# How I broke my brand new camera with my plow!



## JoeyM

From last year. My plow was maybe a week old. My camera was a day old:

http://www.youtube.com/user/manansal?feature=mhee#p/a/u/0/JRa0cIhZNwg


----------



## THEGOLDPRO

lol.............


----------



## M & MD Lawn

Lmao!! thats funny


----------



## icudoucme

I feel your pain... I learned to always duct tape the mount to anything and everything. I lost mine on a canyon run in California. It blew right off my bike down into a ravine, but it gave me a great reason to upgrade to the HD


----------



## BUFF

Looks like you did some "product testing" for Go Pro, I'd get a hold of them and see if they'd swap it out for a new one. All they can say is no..........


----------



## G.Landscape

What mount were you using? I guess the only way it is GoPro fault is if the screw was faulty. 

But I would agree you might as well and try and get a new one. 

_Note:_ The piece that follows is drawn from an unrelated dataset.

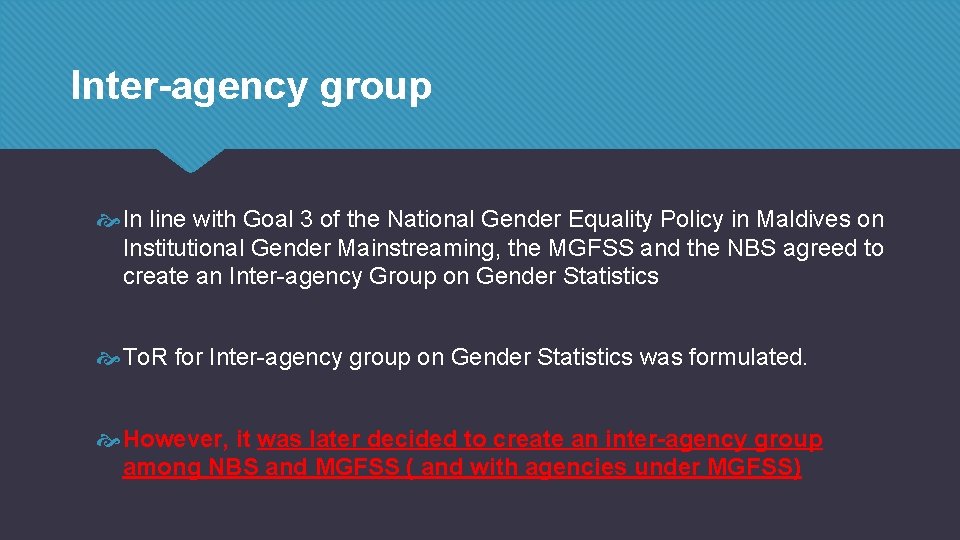 Inter-agency group In line with Goal 3 of the National Gender Equality Policy in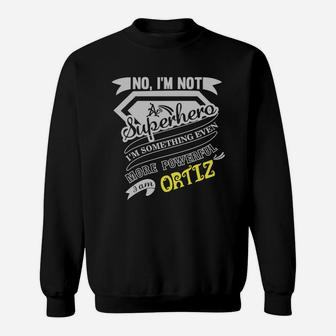 Ortiz I'm Not Superhero More Powerful I Am Ortiz Name Gifts T Shirt Sweat Shirt - Seseable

Better luck with the next one


----------



## coldcoffee

Oh ****, I'm still laughing.


----------



## pooleo8

I thought for sure the plow was coming down on it... but my gut hurts, sorry for you loss!


----------



## DodgeBlizzard

The sound effects made it hilarious. I just had to comment on your video. haha


----------



## Plow man Foster

ahaha! that sucks! 
You got some pretty good shots Before you ran it over though!


----------



## brianbora1

That was funny! Way to start out my day with a laugh! Thanks!


----------



## Burkartsplow

Are you going to submit into the short film category at the Cannes Film Festival? I see an Academy Award for best director in your future!!!payup


----------



## 7_below

Sucks u busted the camera but that was pretty funny


----------



## ppap

The resolution is incredible.


----------



## exmark

Send it back in and tell them it wont focus. I just bought a go pro 2 months ago, great camera but the suction cup mount comes lose very easily I have found out.


----------



## Mr.Markus

AHAHA! Funny cause it wasn't me. That does need an award though. Good that you can laugh at it yourself.


----------



## maelawncare

Quality looked good though. I subscribed to your youtube account hoping for new videos once you get a new camera. 

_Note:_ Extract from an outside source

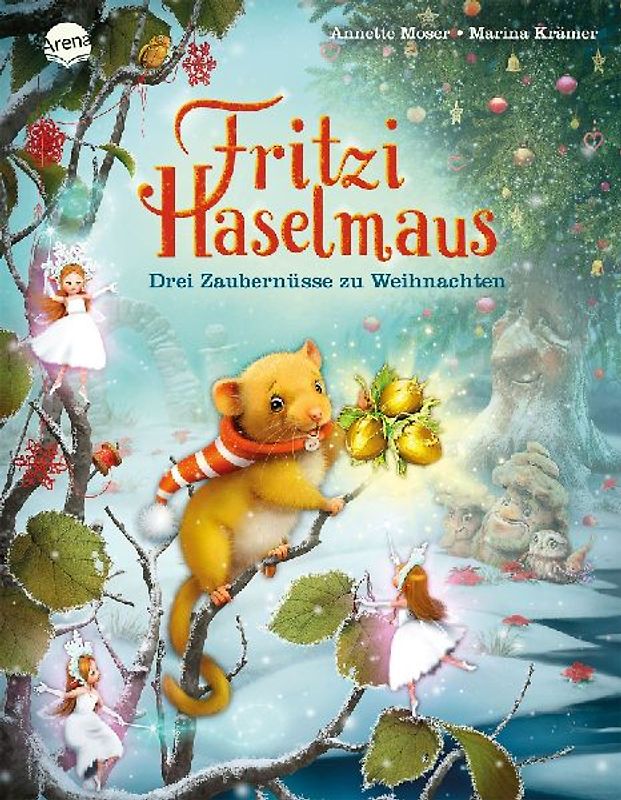 Fritzi Haselmaus. Drei Zaubernüsse zu Weihnachten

I have done that to my phone once.


----------



## Moonlighter

Thanks for posting that. LOL


----------



## ken643

Thats funny as hell, thank for sharing, Sorry about the new camera


----------



## plowninja

That was great I am glad I'm not only one who does dumb crap like that.


----------



## theholycow

They could use that video in a tv commercial for their product..."run over by a truck, it keeps recording". They might give you a new one for that even if they won't goodwill it for the mount failure...


----------



## djr623

at least you killed it doing something good, mine got sent through the washing machine in my pants pockets. dunzo


----------



## maverjohn

LOL !! I hope your finding this as funny as the rest of us, :laughing:


----------



## mchur01

I was waiting for the plow to drop onto it, lmao


----------



## Tango

Tires look new too.


----------



## cosgo

Im sorry you lost your camara, but love your sense of humor about it... Captions are priceless.


----------



## kubotazd21

Maybe Loctite next time. Sorry for your loss.


----------



## Dr Who

LOL.... sucks that you broke the camera, but it was still some great footage!


----------



## DieselSlug

Wow, that sucks. Did have good picture quality tho! (before the encounter) As soon as the tire appeared i was getting prepared for some pancake.


----------



## JoeyM

oh well, live and learn. didn't have time to put the new gopro on, but snapped a phone pic:










.


----------



## homebuilt

did you see how well the zoom feature worked on that camera. it looked like it was literally touching the tire.


----------



## MatthewG

What setting do you run your gopro on? I have mine set on r4, it seems that in r5 it skips when played on my computer, but runs fine on my HDTV


----------



## BUFF

MatthewG;1425765 said:


> What setting do you run your gopro on? I have mine set on r4, it seems that in r5 it skips when played on my computer, but runs fine on my HDTV


I run my on R5 with no problems.


----------



## Dan85

Sorry about your camera, but that was pretty amusing! That was definitely some high quality video though, I was impressed.


----------



## move it

At least the screw didn't go into the tire, you would of seen it.


----------